Lumi Gruppen’s corporate governance is based on the Company’s Articles of Association and the Company’s values as resolved by the Board of Directors with the aim of realising the Company’s long-term goals, and to ensure progress and control.
Through sound corporate governance, the Company aims to build trust and ensure sustainable operations and financing of its business.
Board of Directors
The Board of Directors of the Company shall annually revise and oversee the overall strategy and business plan for the Company and approve the annual budget for the next year. The Board of Directors has decided to establish a separate audit committee and a compensation committee in 2022.
the Board of Directors
- Decide on general business and management principles of the Company.
- Decide on strategy and risk policies of the Company.
- Supervise the performance of the Company, the Executive Management and secure the proper organisation of the Company.
- Review the Company’s financial position, capital resources and reporting on financials and performance.
- Appoint the CEO.
The Board of Directors will convene at least six times per year.
The Executive Management is responsible for the day-to-day management of the Company in accordance with the instructions provided by the Board of Directors, among others comprising:
- Manage the Company’s business and operations and develop strategies to be approved by the Board of Directors.
- Implement the strategy for the Company and execute on investments and divestments.
- Develop the organisational structure of the Company and allocate resources.
- Drive and monitor the performance of the Company.
- Prepare internal and external financial reporting.
- Establish internal policies and procedures for relevant topics, such as finance, IT etc.
- Oversee risk management and internal control.

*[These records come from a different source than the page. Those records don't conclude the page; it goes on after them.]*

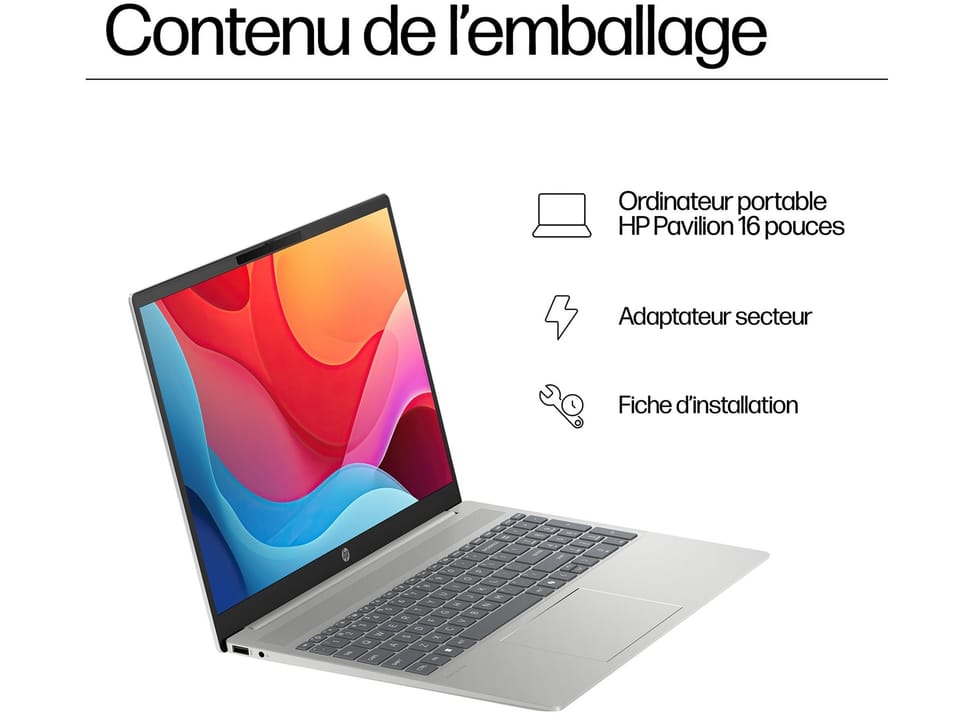 PC Portable HP Pavilion 16-ag0011nf — image 4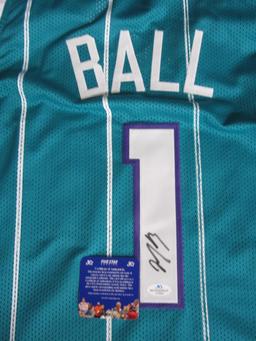 HORNETS LAMELO BALL SIGNED JERSEY FSG COA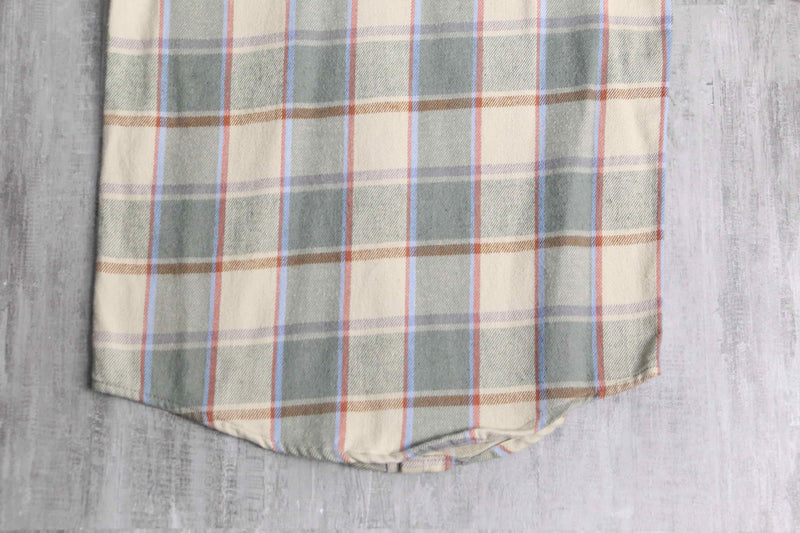 tartan check light flannel shirt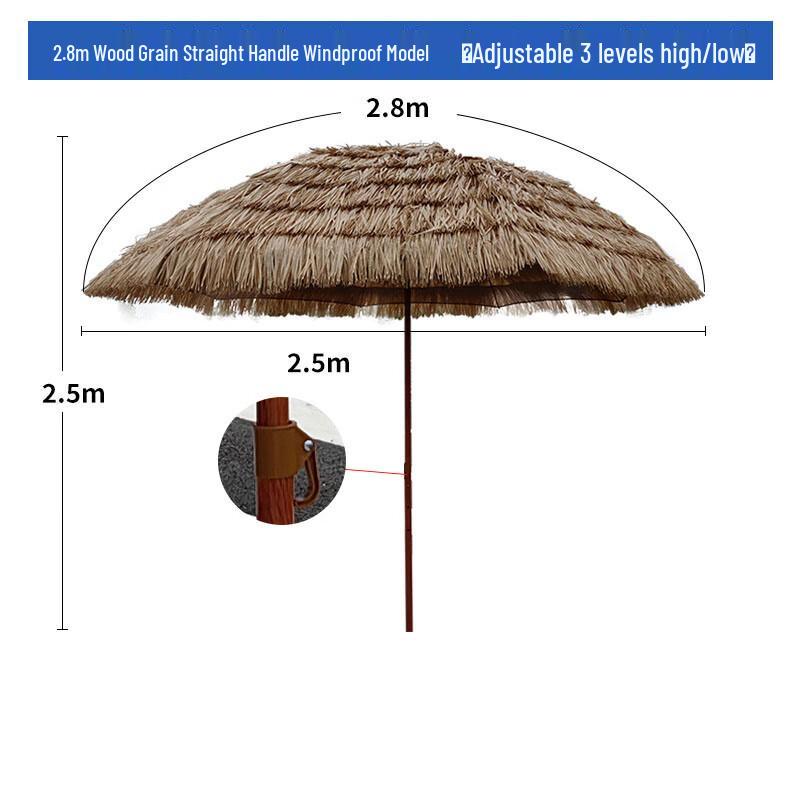 Outdoor Decorative Thatch Umbrella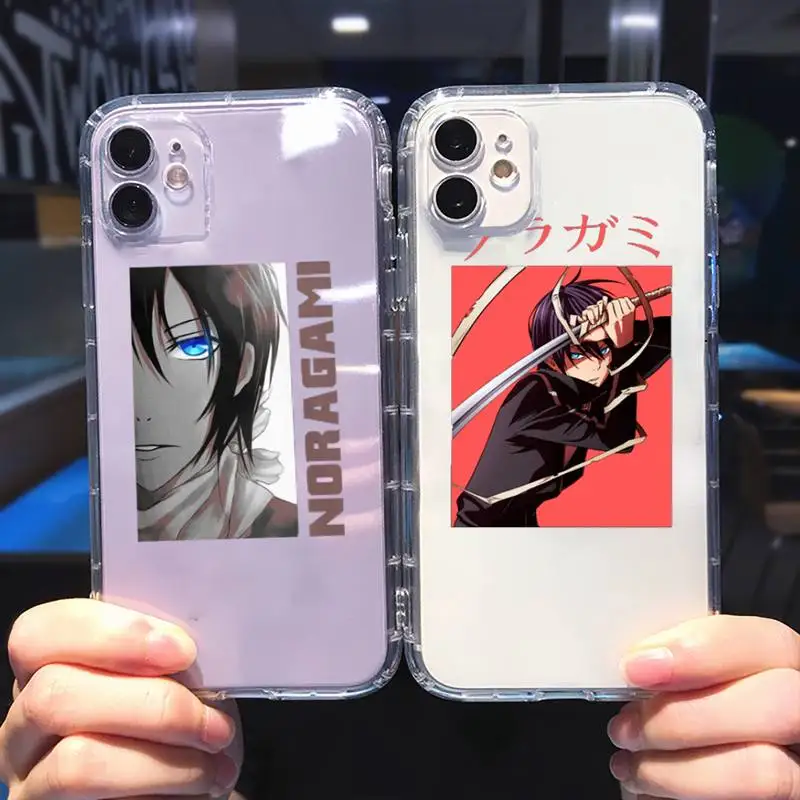 

Noragami anime Phone Case For iphone 13 12 11 8 7 plus mini x xs xr pro max Transparent soft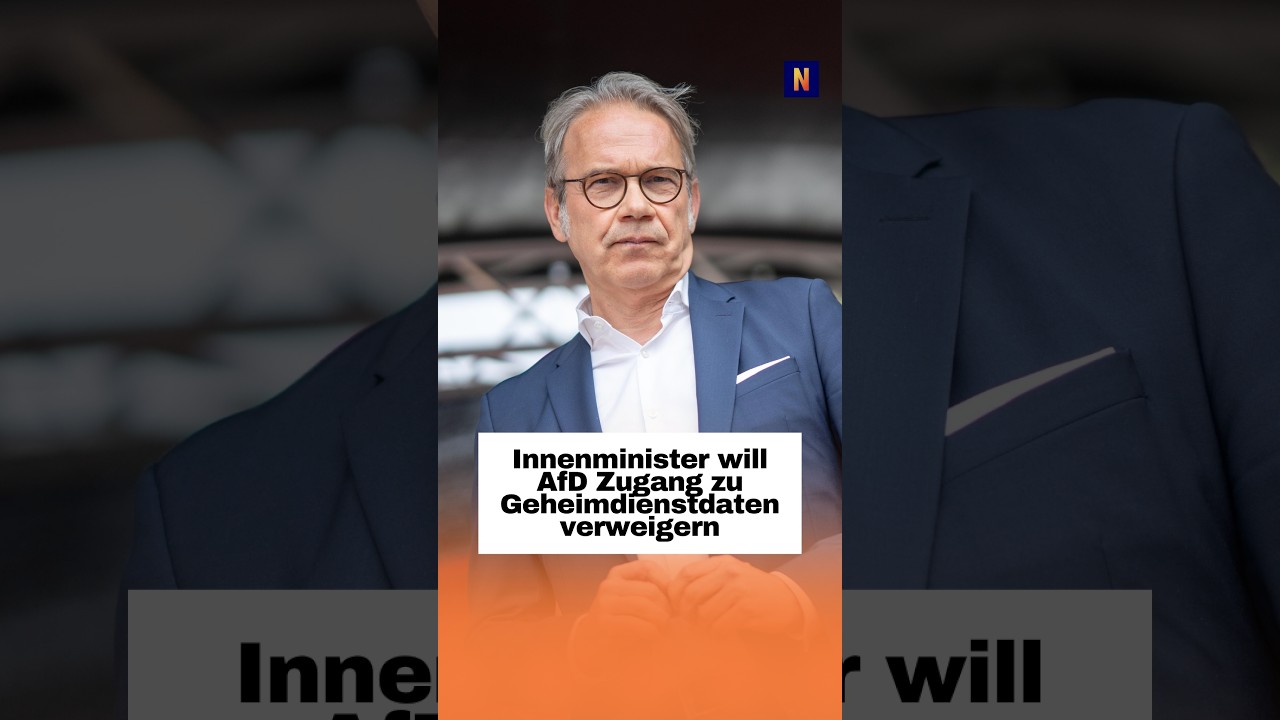 Geheimdienstdaten AfD – Thüringens Innenminister Georg Meer fordert, AfD-Regierung Zugang zu Geheimdienstdaten zu verweigern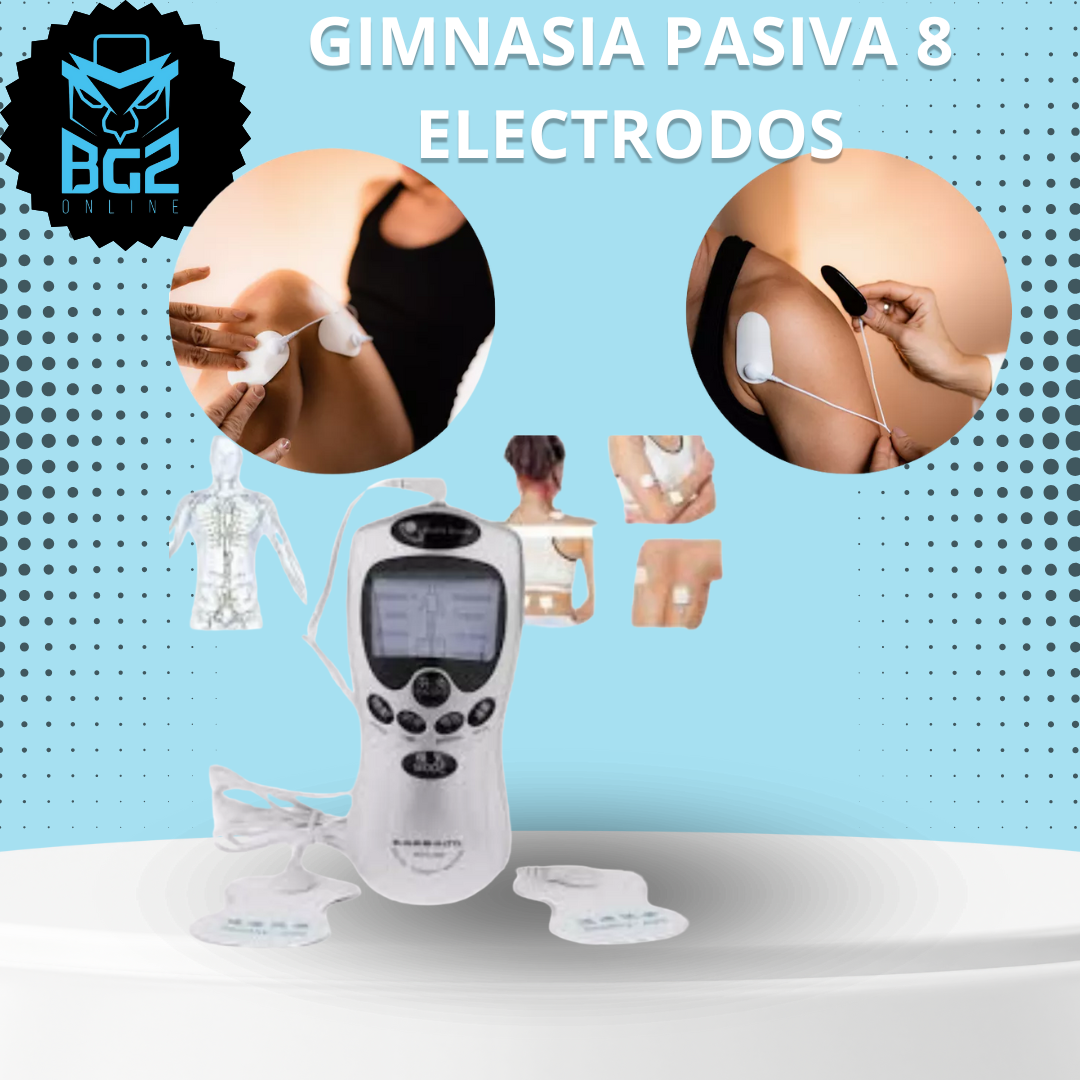 GIMNASIA PASIVA 8 ELECTRODOS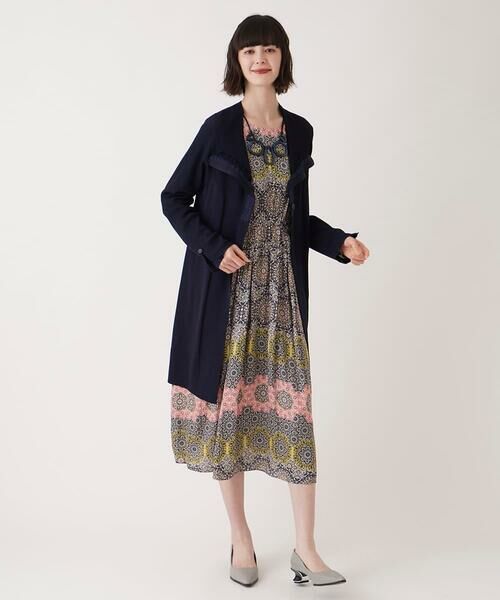 Maison de CINQ / メゾン ドゥ サンク ロング・マキシ丈ワンピース | 【小さいサイズ】ヴィンテージ風モチーフ総柄ワンピース | 詳細17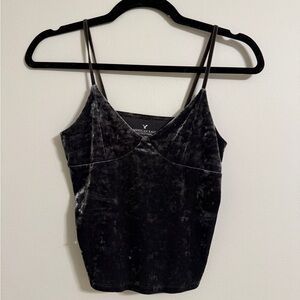American Eagle Outfitters Velvet Camisole in Black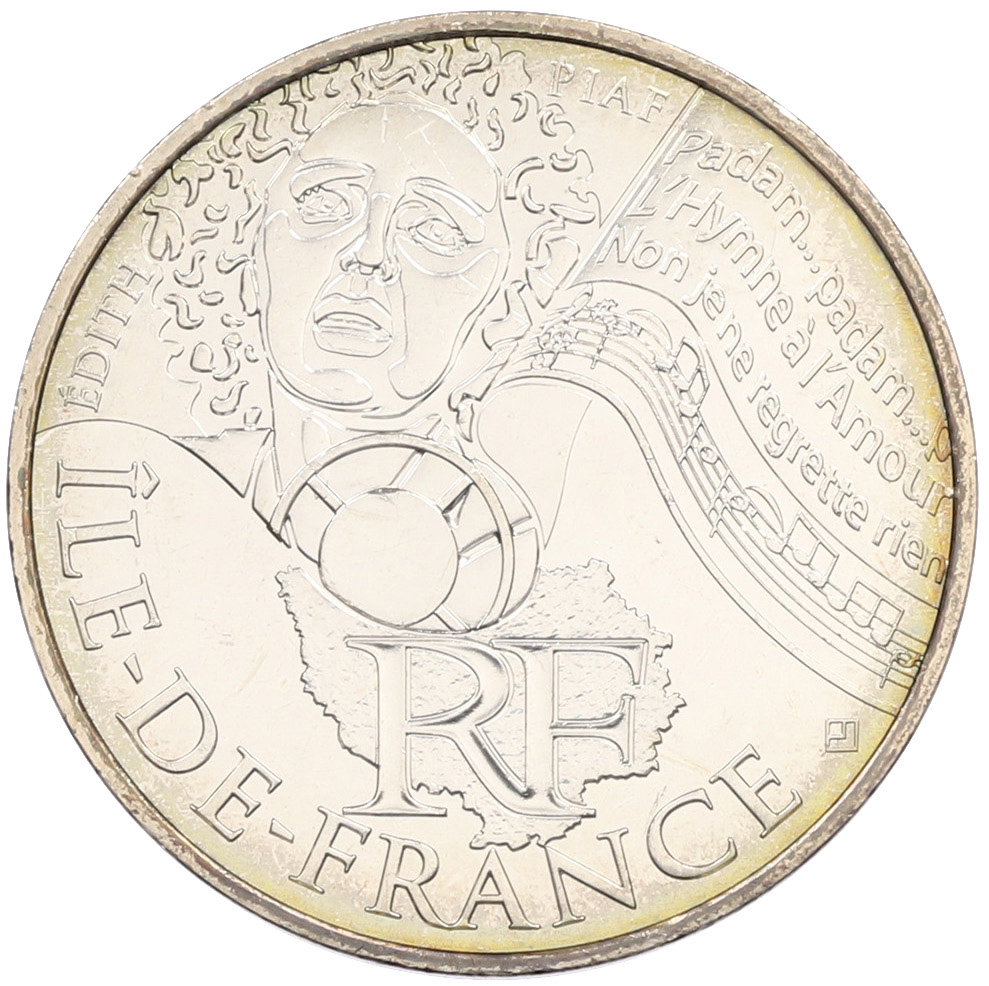 10 евро 2012 года Франция «Регионы Франции — Иль-де-Франс» — Фото №1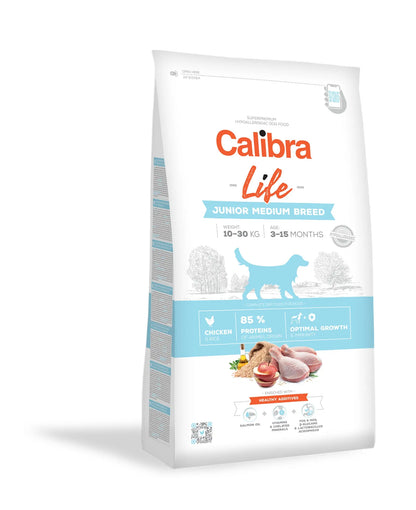 CALIBRA DOG LIFE JUNIOR MEDIUM BREED CHICKEN | 12KG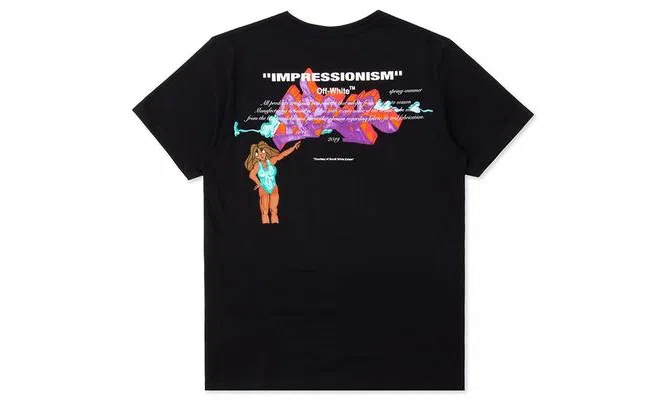 OFF-WHITE SS19 1/4 Back Print Tee Black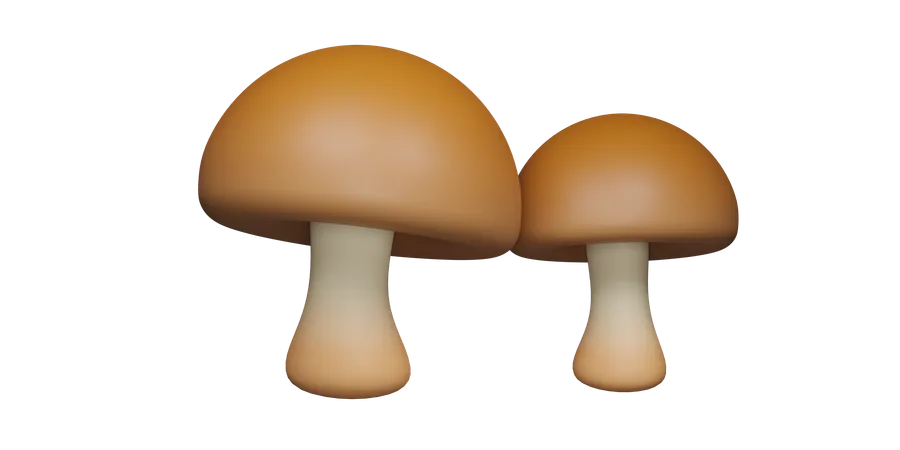 Mushroom  3D Icon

- Report to the Board of Directors.
Risk Management and Internal Control
The framework for the internal control and risk management of the Company is structured with the aim to allow the business to be run in a way that is healthy, proper and consistent with the following objectives:
(i) Internal control: to assure that all company policies and standards are up to date, communicated and implemented.
(ii) Risk management: to identify and manage essential risks related to the execution of the Company’s strategy and operations, and to demonstrate that the Company actively manages risks in order to deliver the best possible service to customers, protect the value of the business, safeguard future earnings and reduce costs associated with risk events.
The responsibility for the quality and appropriateness of the Company’s internal control and risk management rests with the Board of Directors, while the Executive Management is responsible for identifying and analysing material risks, and for the general development of the system. The Executive Management shall further provide the Board of Directors with reports on exposures and the utilisation of the framework on a continuous basis.